Waxahatchee’s Katie Crutchfield released her second album, Cerulean Salt, in 2013 to high critical acclaim. Full of punk-edged folk songs that are at once quiet and powerful thanks to a stripped-down performance and sublime lyrics, the record was rated an 8.4 out of 10 and dubbed Best New Music by Pitchfork. It landed at No. 36 on Rolling Stone’s 50 Best Albums of 2013 list and was chosen as an album of the week by Stereogum. And the accolades kept coming.
So what did Crutchfield do when it came time to make a follow-up record? She tried something new.
Crutchfield plugged her guitar into an amp and paired a more electric sound to her clarion voice and piercing lyrics on Ivy Tripp (2015). The instrumentation in particular, she says, was ambitious. “I really wanted to challenge myself to make a record that was totally different than the other two I had made. I wanted to surprise my audience, to show that I can write a wide array of songs while still being cohesive.” Crutchfield opens the record with “Breathless,” trading her acoustic guitar for a synthesizer and singing, “You indulge me/I indulge you/But I’m not trying to have it all.”
She’s not trying to have it all; she’s just trying to make good music. Music that she’s proud of, music that others can connect to.
“I’ve been writing hyper-personal music for more than a decade,” Crutchfield says, sounding a bit incredulous at the fact. She got her first guitar at 13 and starting writing her own songs out of the desire to accompany herself while singing. “And also partly due to lack of skill,” she admits with aplomb. “Playing other people’s music is kind of hard. Once I started writing my own songs, it was something I really loved and I became immediately passionate about it.”
Before she began recording as Waxahatchee, Crutchfield played in rock-, pop- and punk-influenced bands The Ackleys and P.S. Eliot with her twin sister, Allison (currently of Philadelphia’s Swearin’), and various friends. As a kid, she and her two sisters were always singing, dancing and putting on shows.
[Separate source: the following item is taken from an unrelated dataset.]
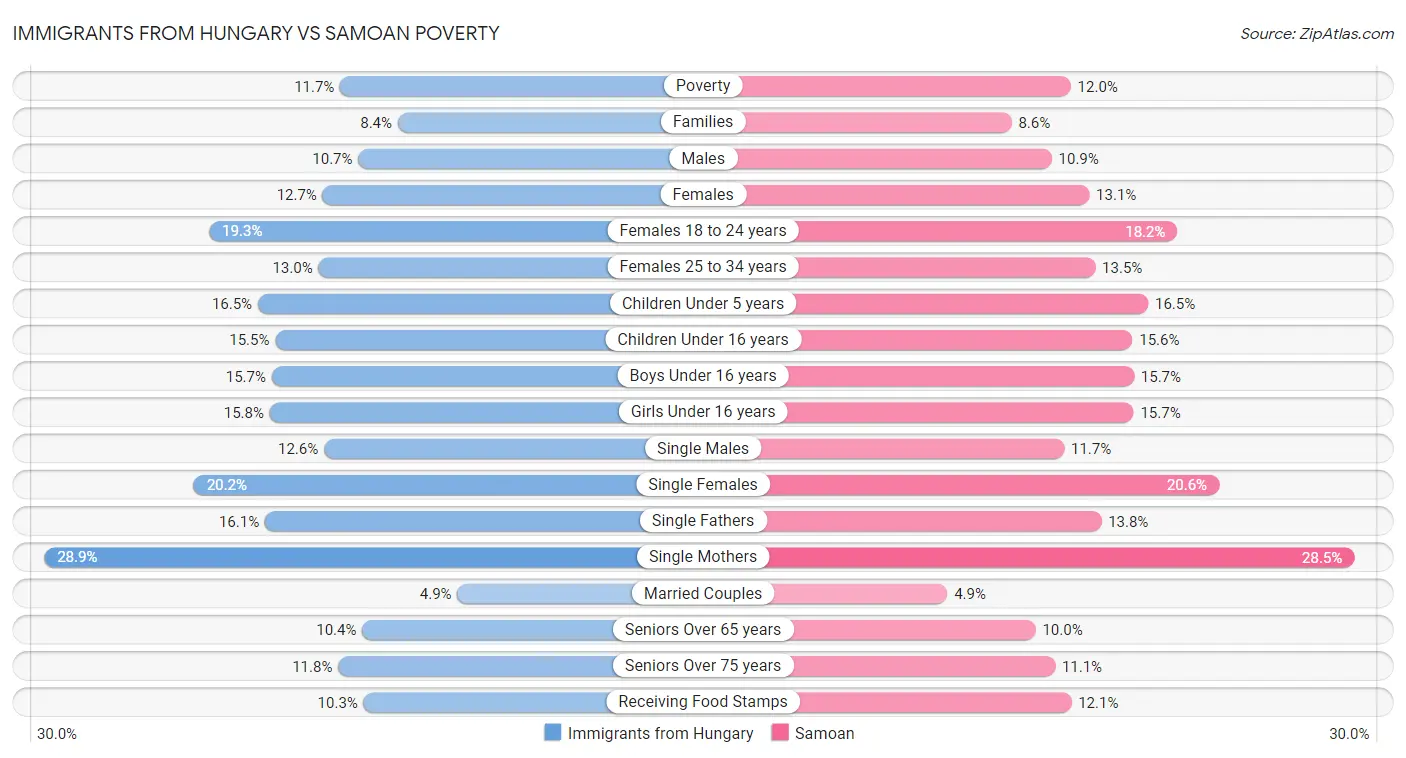 Immigrants from Hungary vs Samoan Poverty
The music is not directly autobiographical, but it is born from personal experiences. It has become Crutchfield’s way of processing and coming to understand her emotions. When she returns to a song after some time away, she remembers—and better understands—just how she felt in the moment she wrote it.
She is often asked by worried exes, friends and family members if she’ll record a song about them and what that song might say. “I try not to be super obvious, like ‘You have brown hair and a birthmark on your face,’” she says. “But I want to be honest about how I’m feeling and put that out in the world.” Crutchfield is acutely aware that when she sings to lift the veil and expose her feelings, she’s often involving another person.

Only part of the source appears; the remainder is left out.